Exercise directions
Print out the data below in full and exactly, skipping the pictures.

Collected material

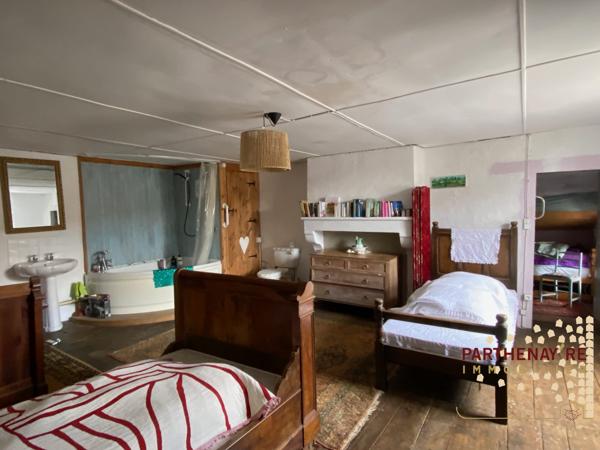 Maison de campagne à rénover à CLAVÉ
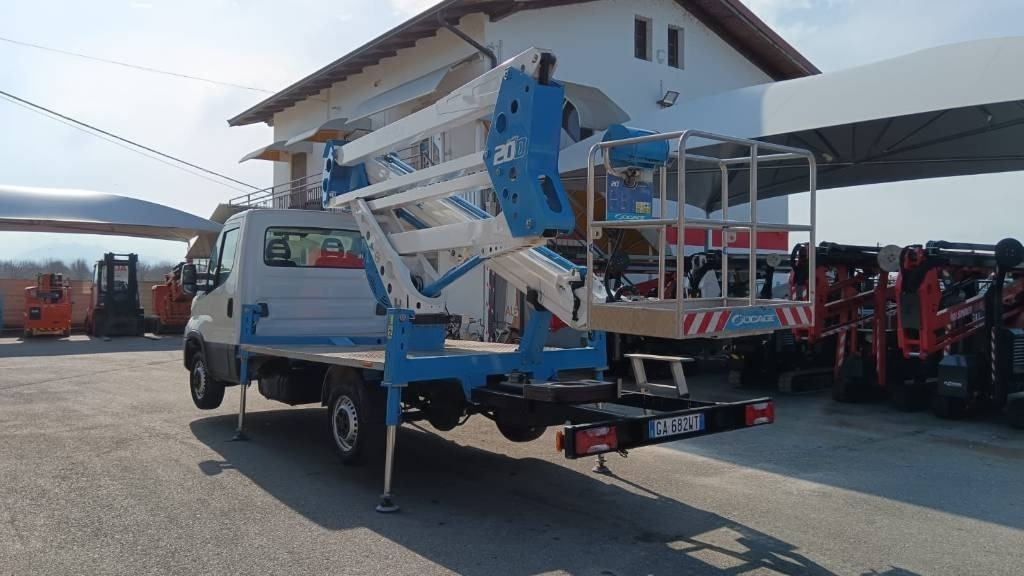 Socage 20d - Грузовик с подъемником: фото 4 Socage 20d - Грузовик с подъемником: фото 4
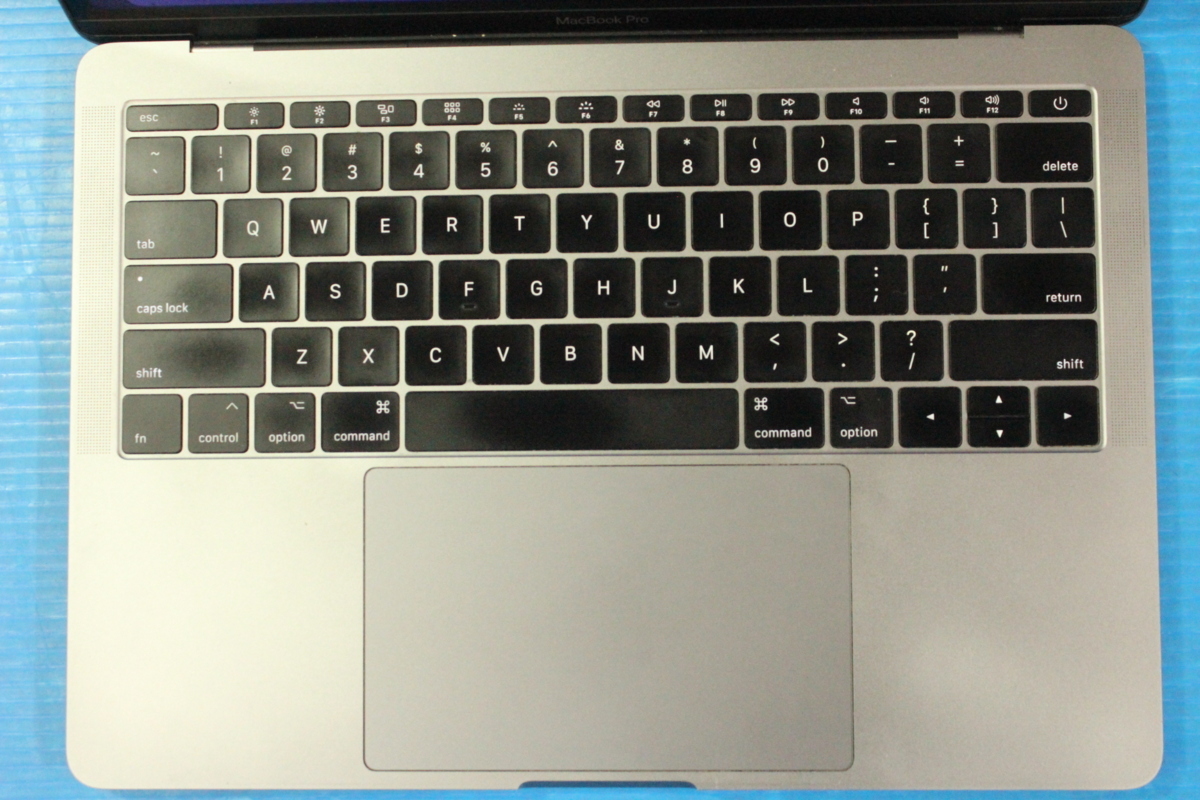 MacBook Pro Apple - (13-inch, 13-inch com: Technical – ports) 0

Response to this exercise
 Maison de campagne à rénover à CLAVÉ
 Socage 20d - Грузовик с подъемником: фото 4 Socage 20d - Грузовик с подъемником: фото 4
 MacBook Pro Apple - (13-inch, 13-inch com: Technical – ports) 0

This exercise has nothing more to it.